Updated at 13:52,22-04-2024

Belarus-Russia Integration Plan Details Leaked. What Is In There?

BelarusFeed

Belarus-Russia Integration Plan Details Leaked. What Is In There?
The details of the economic integration program between Belarus and Russia became public. It is designed for a year and a half and provides for partial integration of the two economic systems since January 2021, the Kommersant agency reports.

The news agency notes that integration is unlikely to be completely equal for the parties – the Russian economy is 29 times larger than the Belarusian one.

“This is at least a single Tax Code, a foreign trade regime and the Civil Code, a unified account of property and similar social guarantees, almost unified banking supervision, but with two central banks, a single regulator of the markets for oil, gas, electricity and energy and harmonized government control of the industries,” the text reads.

According to the agency, such level of integration is higher than in the EU, and in fact, is about the creation of a confederated or even federal states at the level of economies from 2021.




What is in the plan?

The “Action Program” includes the following points:

- Mutual cancellation of roaming from 1 June 2020;
- Tax consolidation. It is assumed that the Union State of Russia and Belarus will adopt a unified Tax Code by 1 April 2021;
- A common customs policy that may include joint customs raids, a common information system and almost a common customs service;
- Energy policy. The document implies the creation of a “single regulator” of gas, oil, oil products and electricity markets;
- Common principles of “special economic measures” – counter-sanctions;
- Social politics. Since January 2022, two states within the Union State also intend to pursue a “coordinated policy” in the labor market and social protection.
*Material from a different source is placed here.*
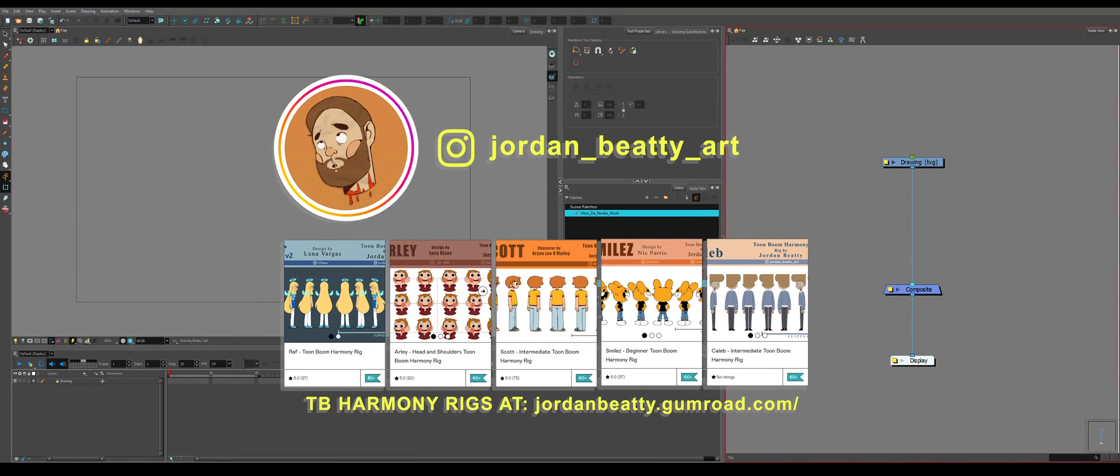Hello. We are going to be discussing pegs in Toon Boom Harmony. This is a follow-up video to the previous introduction to drawing nodes.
However, with regard to the latter, only a “rapprochement of the level” of social guarantees and “equal rights” of citizens of the two countries is promised in the future. Among other things is that by November 1, 2019, both ministries of the economy should create “road maps” unifying industry regulation.

In addition to the fuel and energy complex, it proposes to harmonize an “industrial policy”, the state regulatory regime for agricultural markets, trade, transport and communications, antitrust policy, consumer protection policies. By 2021, mutual unified access to public procurements, a unified property accounting system and the unification of economic legislation.
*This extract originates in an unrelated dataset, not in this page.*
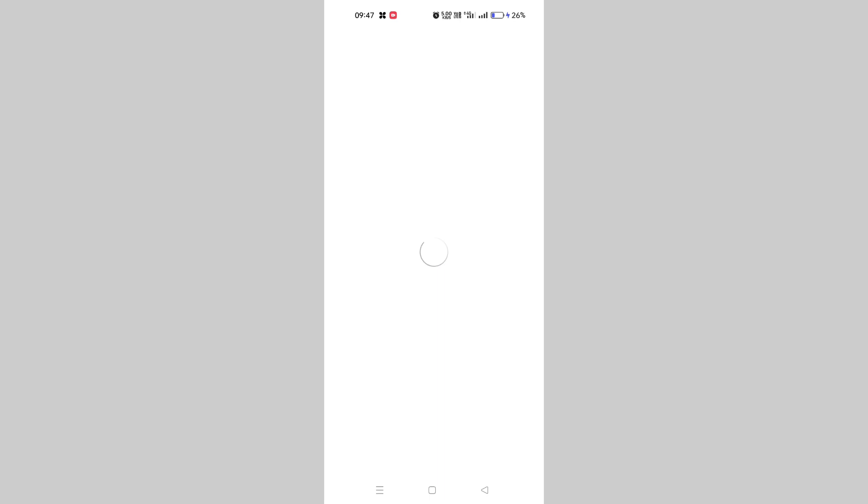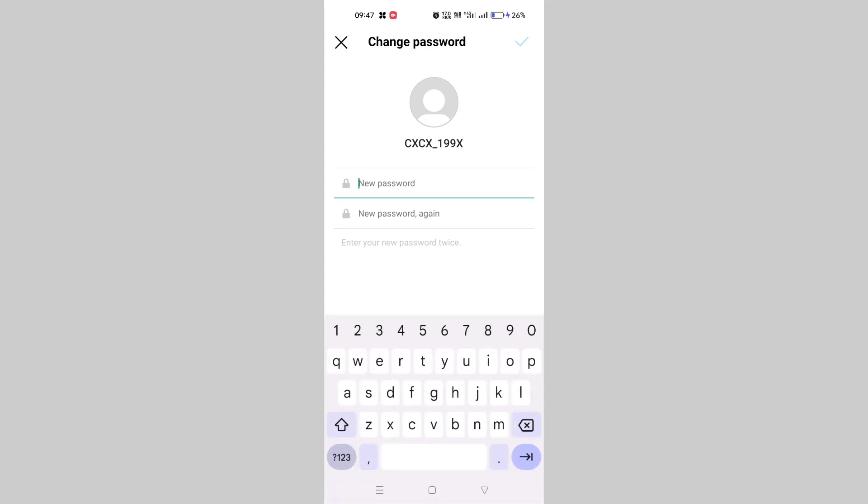Just hold on, and here you can see New Password. Here you have to enter your new password. Let me just enter it.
The “Action Program” doesn’t include the following spheres: defense, state security, courts, law enforcement and issues of Interior Ministry, education, healthcare, science, and the state government.


Treaty on the Union State

Recall that last year December, Russia’s Prime Minister Dmitry Medvedev said that Russia was ready to keep building the Union State in terms with the Treaty on the Union State, signed by Minsk and Moscow in 1999.

According to the treaty, countries should have a single currency, a single court, a single customs. It also provided for further steps in integration – the path to a single parliament and one president.

In July, Belarusian President Alexander Lukashenko urged Russian President Vladimir Putin to resolve all integration disputes and develop an action strategy program before 8 December. The date will mark the 20th anniversary of the Union State of Belarus and Russia.

According to the Prime Minister of Belarus Sergey Rumas, the core of this program is “two countries – one market” with no political connotations in it. He also promised to have the program published to remove concerns about sovereignty.

Later, the Minister of Economic Development of Russia Maxim Oreshkin said that integration is not a question of unification of states, but “the integration of economies as equal partners.”

In late August, the project was presented to Alexander Lukashenko. On 6 September, the Prime Ministers of Belarus and Russia Sergey Rumas and Dmitry Medvedev agreed on its minor changes.

The document has not been officially published yet.